Equations change with divorce

Common Friends

Equations change with divorce

Divorce takes its toll on the couple.

Some things that change radically along with divorce are the friendships that the divorcing couple made while they were married.

“Most of the time, couples come by these friends together. But once news of an impending divorce is out, the equation changes completely. Common friends often think they have a moral dilemma of their own to resolve. Which partner do they stay in touch with or should they abandon both so as not to make a choice,” says marriage counsellor Phyllis Nazareth.

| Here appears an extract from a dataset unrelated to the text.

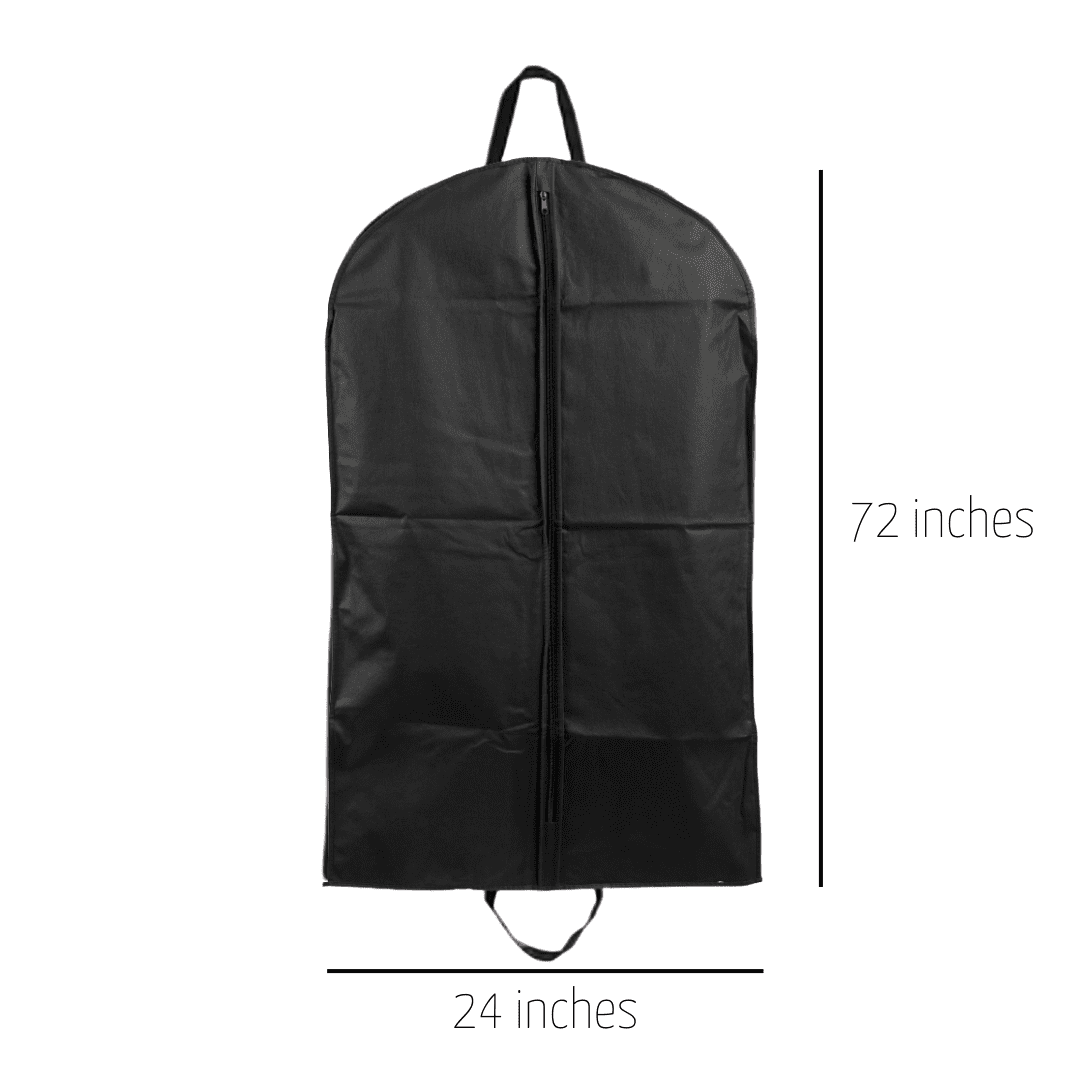 72'' Breathable Black PP Non Woven Garment Bag - 1 Count - Basic LTD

“I must confess that we barely saw our divorced friends after their split. It wasn’t deliberate. We just figured they were busy living their new, exotic single lives and our friendship was a constant reminder of an unhappy experience they were trying to put behind them,” says Sunil Sachdev, who admits that though divorce is common place, it is very awkward to stay friends with the divorcing couple for many reasons.

“From bitter experience, the main pastime for divorced people seems to be spouse bashing. No matter how hard you try and stay neutral as you were friends with both of them at a certain point you end up being forced to take sides,” says Pamela Rosario, who found herself avoiding her former close buddy for this reason.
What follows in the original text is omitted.